2.2.a) Les faits et moyens de preuve nouveaux ne sont pris en
compte que s'ils sont invoqués ou produits sans retard et ne pouvaient
être invoqués ou produits devant la première instance, bien que la partie
qui s'en prévaut ait fait preuve de la diligence requise, ces deux conditions
étant cumulatives (art. 317 al. 1 CPC; Tappy, op. cit., in JT 2010 III 115, p.
138). Il appartient à l'appelant de démontrer que ces conditions sont
réalisées, de sorte que l'appel doit indiquer spécialement de tels faits et
preuves nouveaux et motiver spécialement les raisons qui les rendent
admissibles selon lui (ibid., pp. 136-137).
La doctrine est divisée sur le point de savoir si la maxime
inquisitoire, applicable en mesures protectrices de l'union conjugale (art.

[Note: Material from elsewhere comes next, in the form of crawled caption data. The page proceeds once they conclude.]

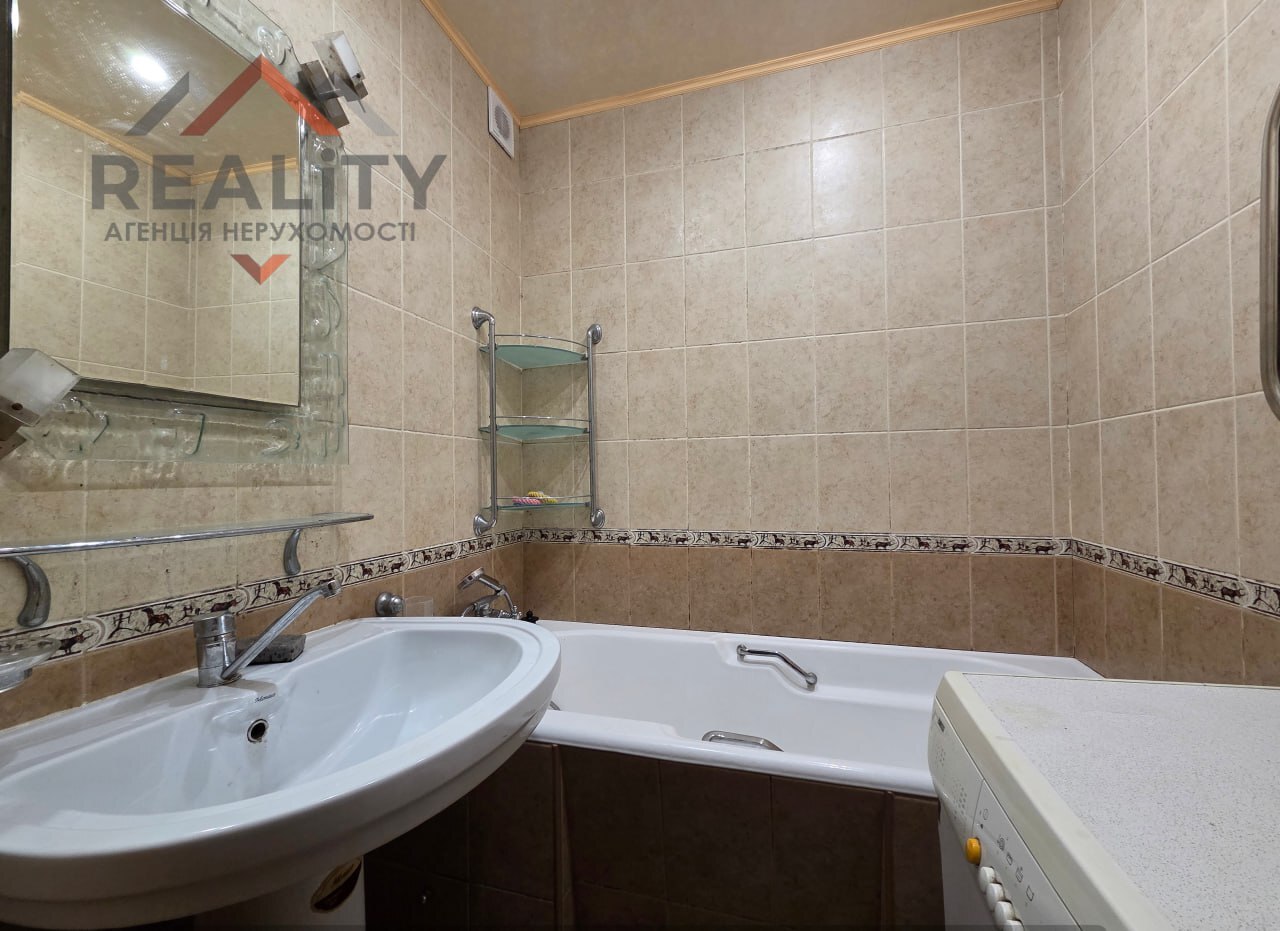 Оренда 1-кімнатної квартири 40 м², Набережна Перемоги вул.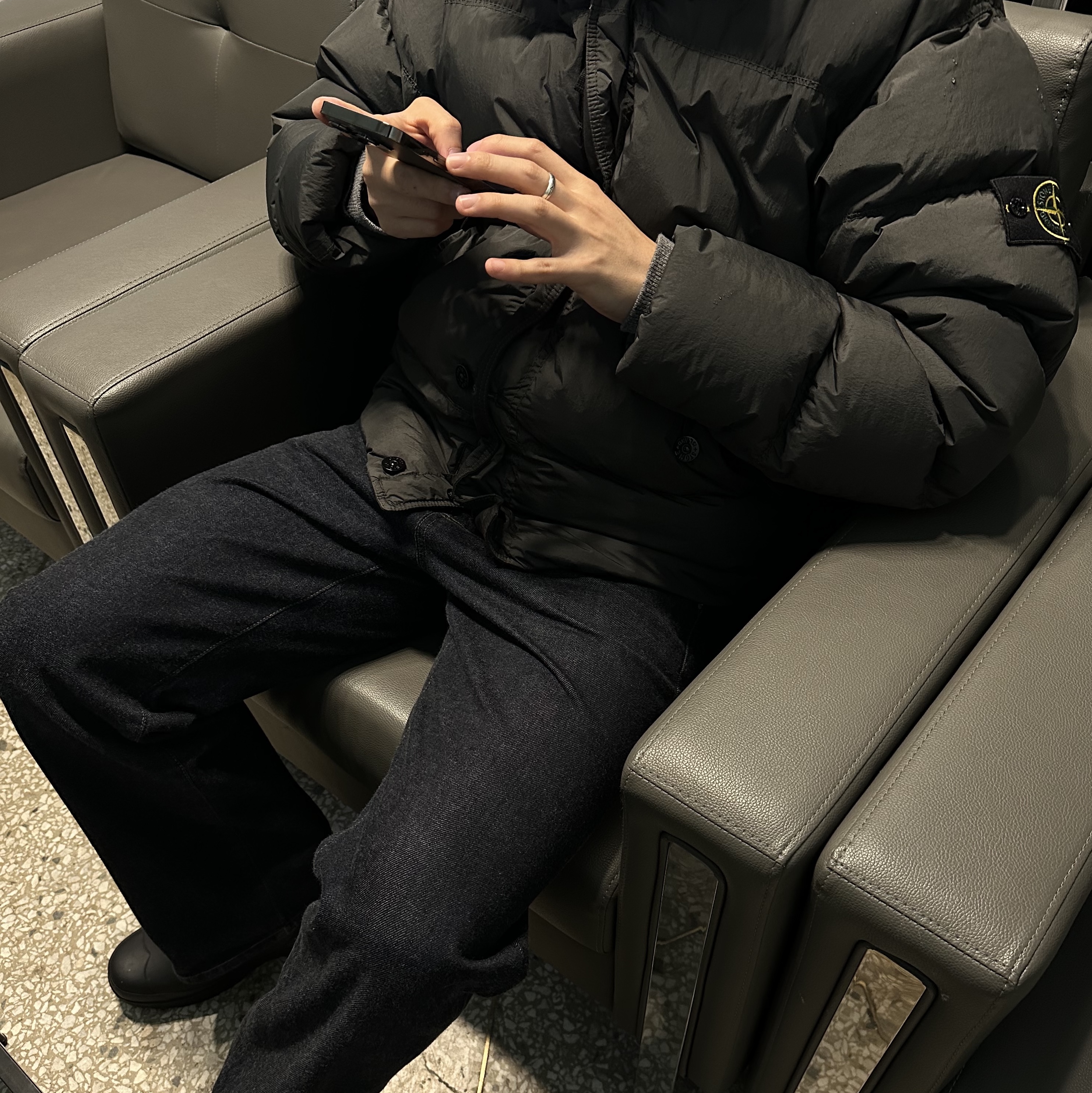 Stone Island 40123 Garment Dyed Crinkle Reps R-NY Down Jacket Lead - 24FW, Hunter Play Short Wellington Boots Black 착용 스타일 - 1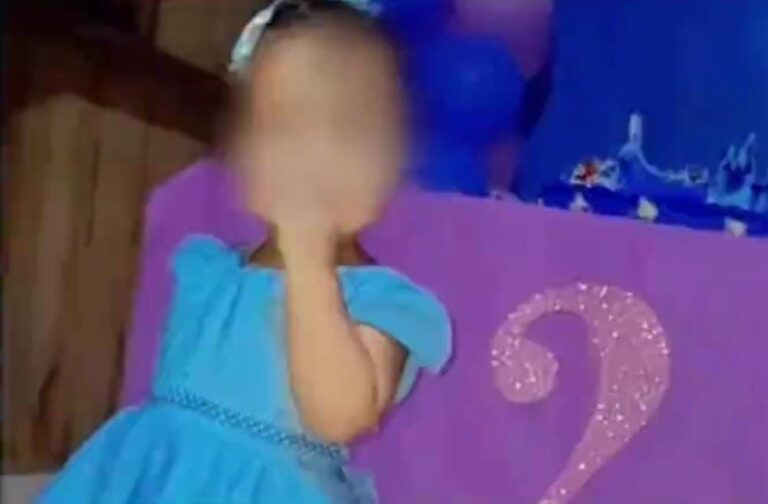Criança baleada na cabeça em ataque que matou os pais passa por cirurgia e segue na UTI em Rio Branco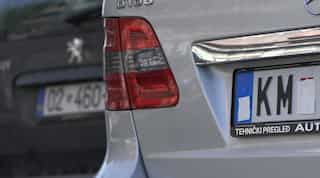 Kosovo and Serbia agree to end long-standing dispute over car licence number plates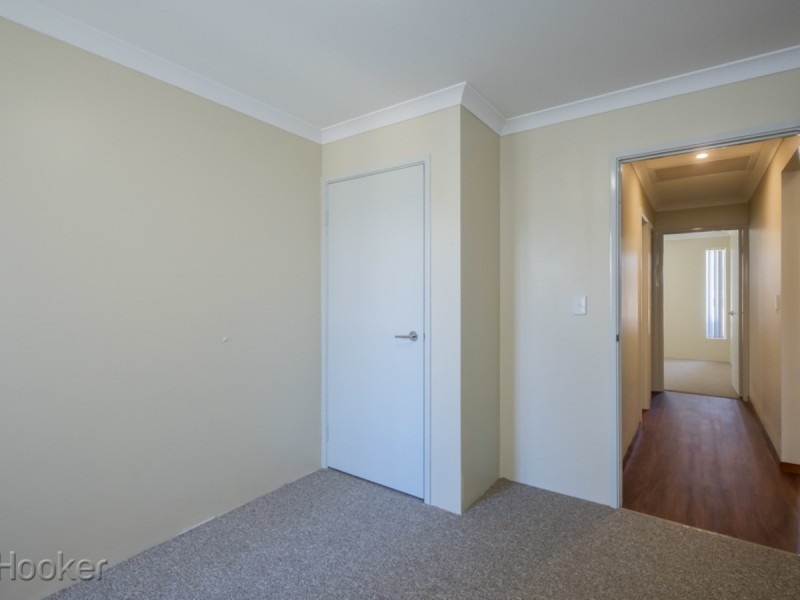 16 Kangaroo Avenue, Kwinana Town Centre WA 6167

277 al. 3 CPC), est applicable également en appel et si des faits et moyens
de preuve nouveaux sont dès lors admissibles en deuxième instance
même si les conditions restrictives de l'art. 317 al. 1 CPC ne sont pas
réalisées. Certains auteurs considèrent que l'art. 229 al. 3 CPC devrait
s'appliquer par analogie (Hofmann/Lüscher, Le Code de procédure civile,
Berne 2009, p. 197; Spühler, in Spühler/Tenchio/Infanger (éd.), Basler
Kommentar Schweizerische Zivilprozessordnung, Bâle 2010, n. 7 ad. art.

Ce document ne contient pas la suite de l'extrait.